IDXChannel - Bursa Efek Indonesia (BEI) mencatat masih terdapat 15 perusahaan dalam antrean pencatatan saham atau pipeline initial public offering (IPO) hingga 22 Mei 2026. Mayoritas calon emiten yang bersiap melantai di bursa berasal dari kelompok aset skala besar, mencerminkan masih terjaganya minat perusahaan untuk mencari pendanaan melalui pasar modal di tengah dinamika pasar.
Berdasarkan data BEI, hingga 22 Mei 2026 baru terdapat satu perusahaan yang mencatatkan saham di bursa dengan dana dihimpun mencapai Rp0,30 triliun. Sementara itu, dari total 15 perusahaan yang masuk pipeline IPO, sebanyak 11 perusahaan atau sekitar 73,3 persen berasal dari kategori aset skala besar dengan nilai aset di atas Rp250 miliar.
Selain itu terdapat empat perusahaan aset skala menengah dengan aset Rp50 miliar hingga Rp250 miliar, sedangkan belum terdapat perusahaan kategori aset kecil dengan nilai aset di bawah Rp50 miliar.
Secara sektoral, pipeline IPO masih didominasi sektor Consumer Cyclicals, Consumer Non-Cyclicals, dan Healthcare yang masing-masing berkontribusi tiga perusahaan. Selain itu terdapat dua perusahaan sektor Infrastructures, dua perusahaan Technology, satu perusahaan Energy, dan satu perusahaan Financials.
Di sisi lain belum terdapat calon emiten dari sektor Basic Materials, Industrials, Properties & Real Estate, serta Transportation & Logistic.
Direktur Penilaian Perusahaan BEI I Gede Nyoman Yetna mengatakan pipeline pencatatan saham menunjukkan pasar modal Indonesia masih memiliki ruang pertumbuhan dengan minat perusahaan dari berbagai sektor industri.
"Hingga saat ini terdapat 15 perusahaan dalam pipeline pencatatan saham BEI. Sebagai informasi, terdapat 11 perusahaan aset skala besar, empat perusahaan aset menengah, dan tidak terdapat perusahaan aset skala kecil," ujar Direktur Penilaian Perusahaan BEI I Gede Nyoman Yetna, dalam keterangannya yang dikutip pada Minggu (24/5/2026).
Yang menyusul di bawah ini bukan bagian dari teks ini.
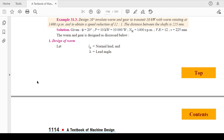Hello friends and dear students. As we have discussed about the designing of worm gears, today from the book of Machine Design by RS Khurmi and JK Gupta we are referring to one example or numerical which has been asked in various university exams. This is in chapter number 31: design a 20-degree involute worm and worm wheel gear drive to transmit 10 kilowatt power with the worm rotating at 1400 RPM, to obtain a speed reduction of 12 to 1, and the distance between the shafts is 225 mm.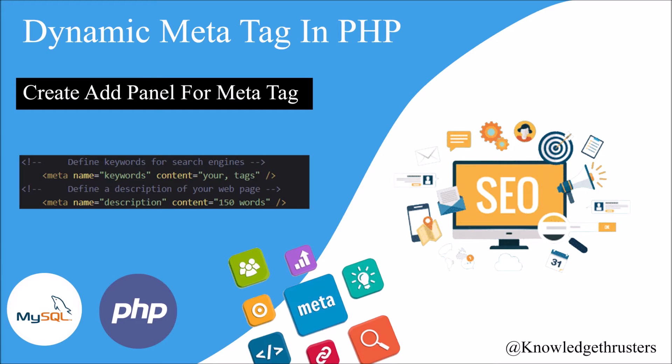Hello everyone, today's topic is dynamic meta tag in core PHP.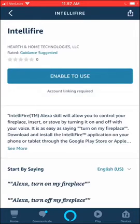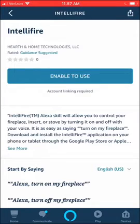Select the IntelliFire skill and then press enable to use. Once you have done this, you will be prompted to enter your IntelliFire app username and password.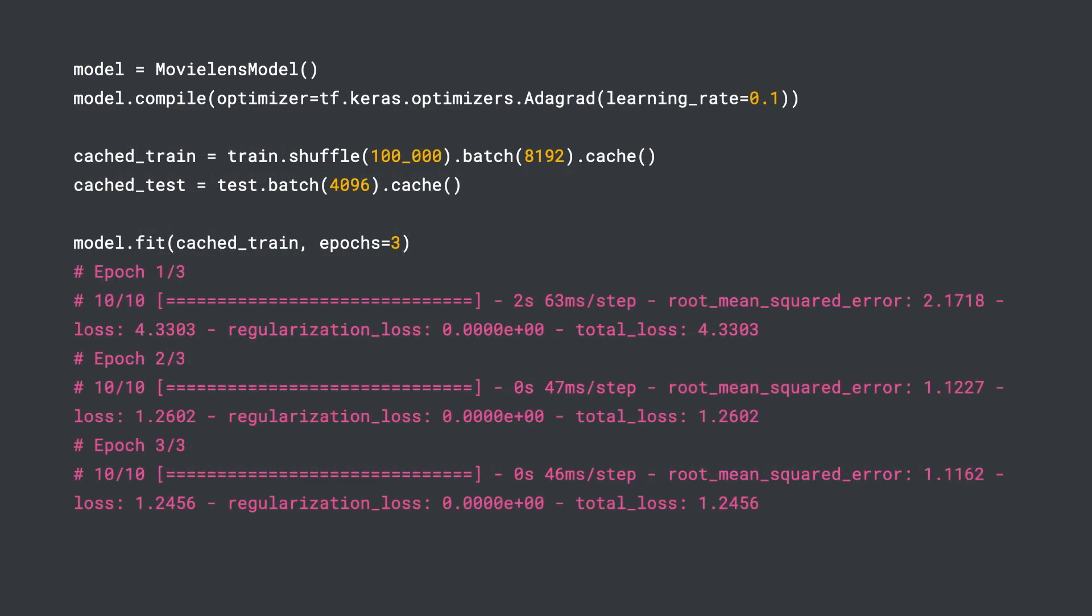Now we can compile and train the model using the fit method. You can see that the loss is falling and the RMSE metric is improving. You can also evaluate the model after training is done, but I'm going to skip that part since you are already familiar with Keras API.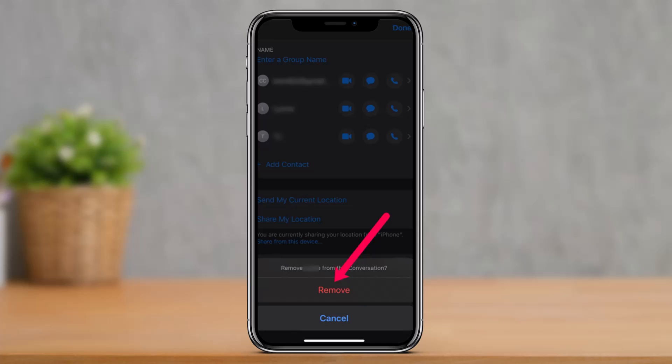This will immediately remove the individual person from your message group. If you don't have the option to remove, you'll have to start a new thread without the unwanted contact. The chat history will remain on your phone but they won't receive any new ones, as long as you send text in the new group and not the old one.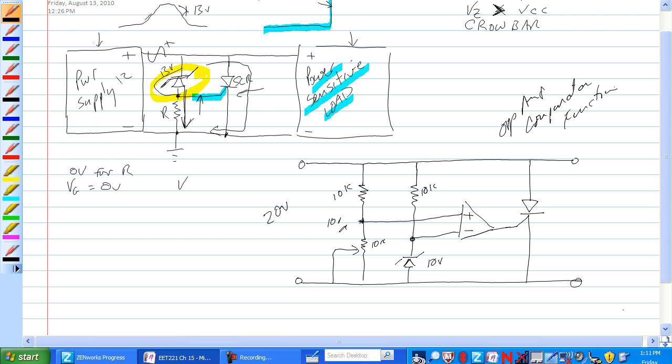10K and 10 volts, this one's 10 volts here too. This is set up so that it can adjust this anywhere from 0 to 10 volts.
Selain IPO, aktivitas penggalangan dana di pasar modal juga terlihat pada instrumen efek bersifat utang dan sukuk (EBUS). Hingga saat ini telah diterbitkan 62 emisi dari 40 penerbit dengan total dana yang dihimpun mencapai Rp68,10 triliun. Sementara terdapat 47 emisi dari 33 penerbit yang masih berada dalam pipeline.
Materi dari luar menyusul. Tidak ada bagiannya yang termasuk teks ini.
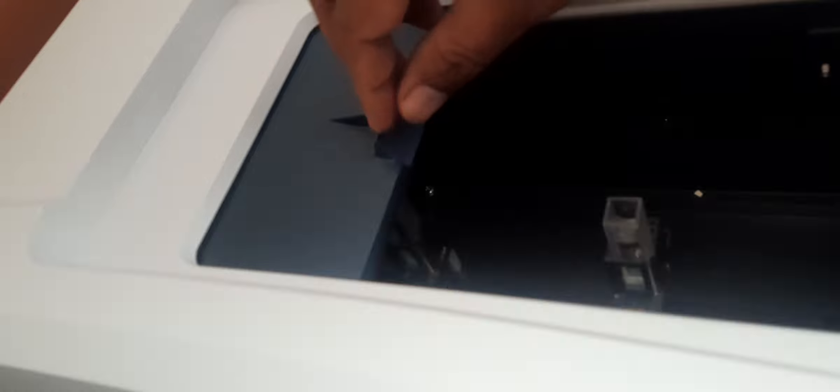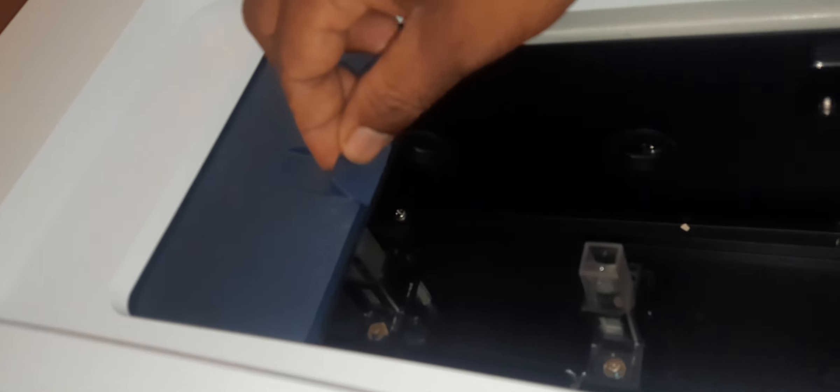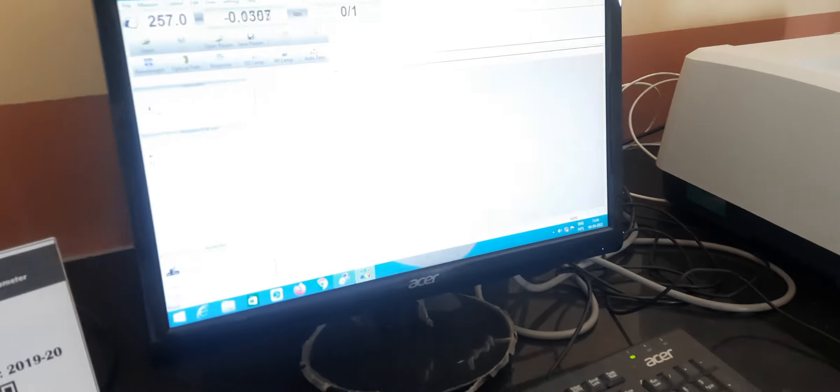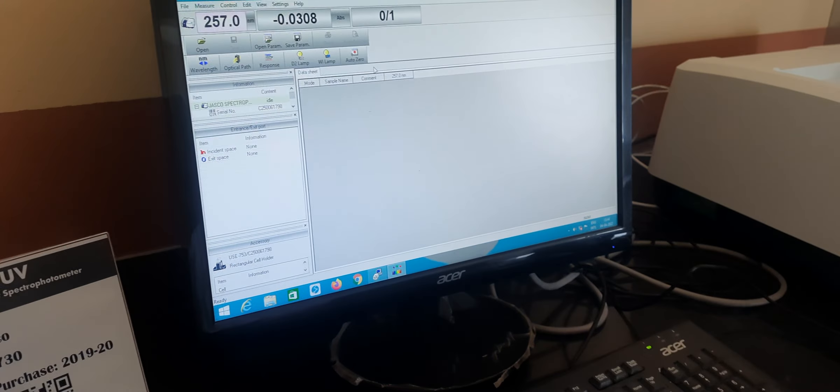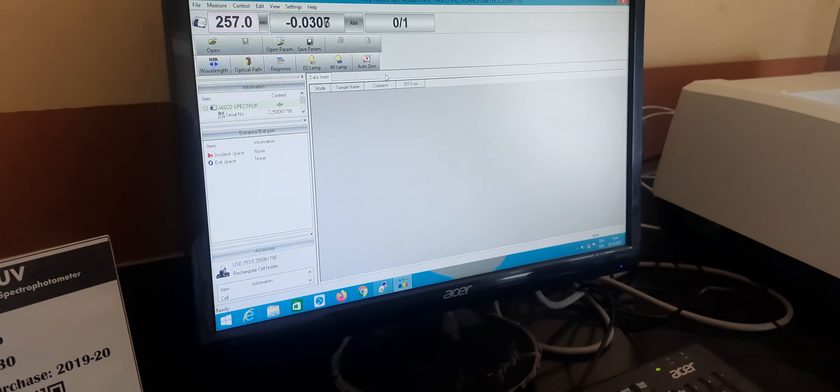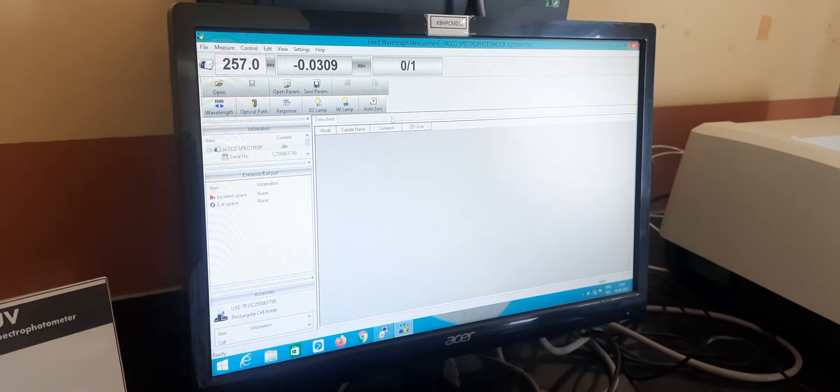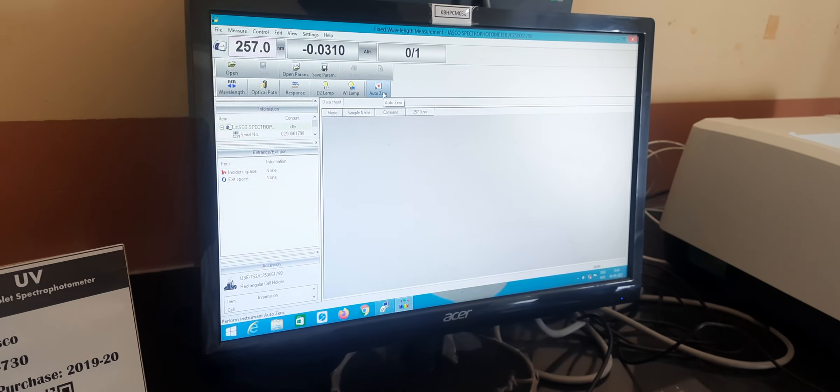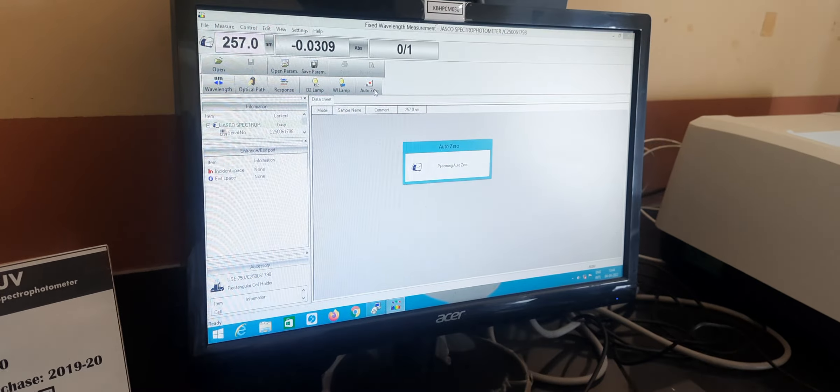Place the solvent in both cuvettes, the same solvent we're using for dilution. After that, just click on auto zero.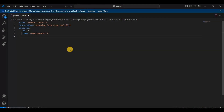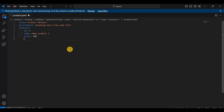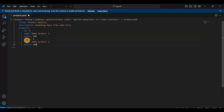We also add a price, let's say $100. In similar fashion we repeat this for a second product with ID 2, name 'demo product two', and price 200. So this is the YML file structure we have for now.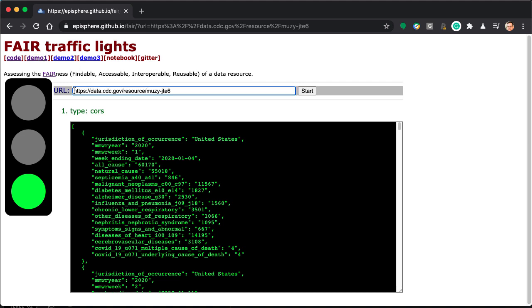In this case I'm pointing to a dataset, so a concept ID for a dataset, and we pass the test.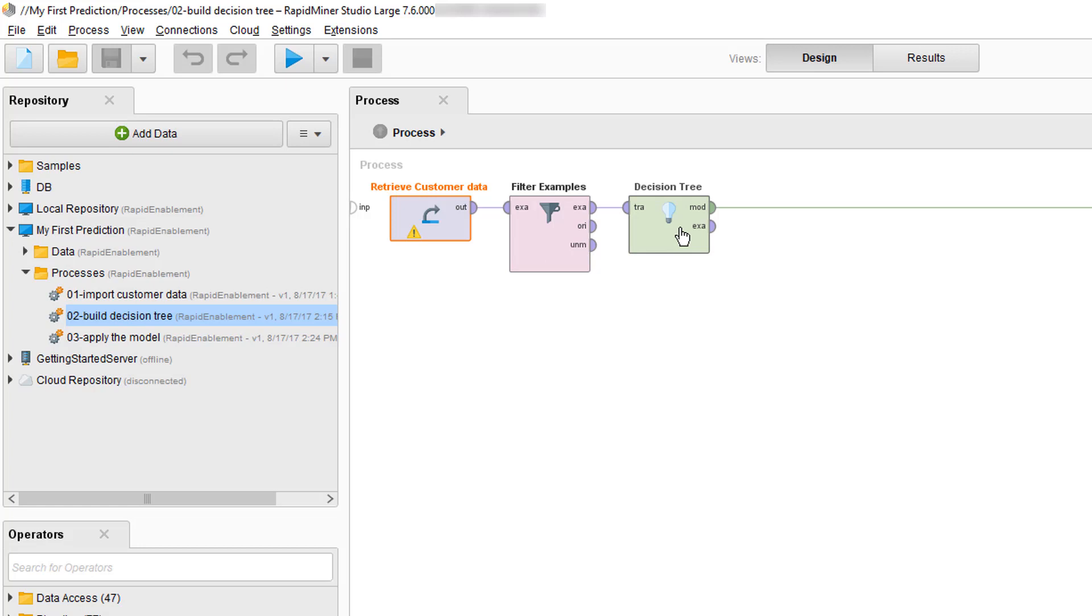In the applying the model video we show you how to score the data which means we actually take the examples without labels and apply our model to predict our new customers loyalty, putting or segmenting those unknown customers into the loyal or churn buckets. But the issue with that approach is that we can't really assess the performance of our prediction as we don't have any information as to if our predictions are actually right or wrong.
Sektor Financials menjadi penyumbang terbesar pipeline EBUS dengan 12 perusahaan, disusul Infrastructures tujuh perusahaan dan Energy enam perusahaan. Selanjutnya terdapat dua perusahaan Basic Materials, dua Consumer Non-Cyclicals, dua Industrials, satu Healthcare, dan satu Technology.
Adapun dari aksi korporasi rights issue, per 22 Mei 2026 telah terdapat empat perusahaan tercatat yang menerbitkan rights issue dengan total nilai Rp3,89 triliun. Saat ini masih terdapat satu perusahaan dalam pipeline rights issue yang berasal dari sektor Properties & Real Estate.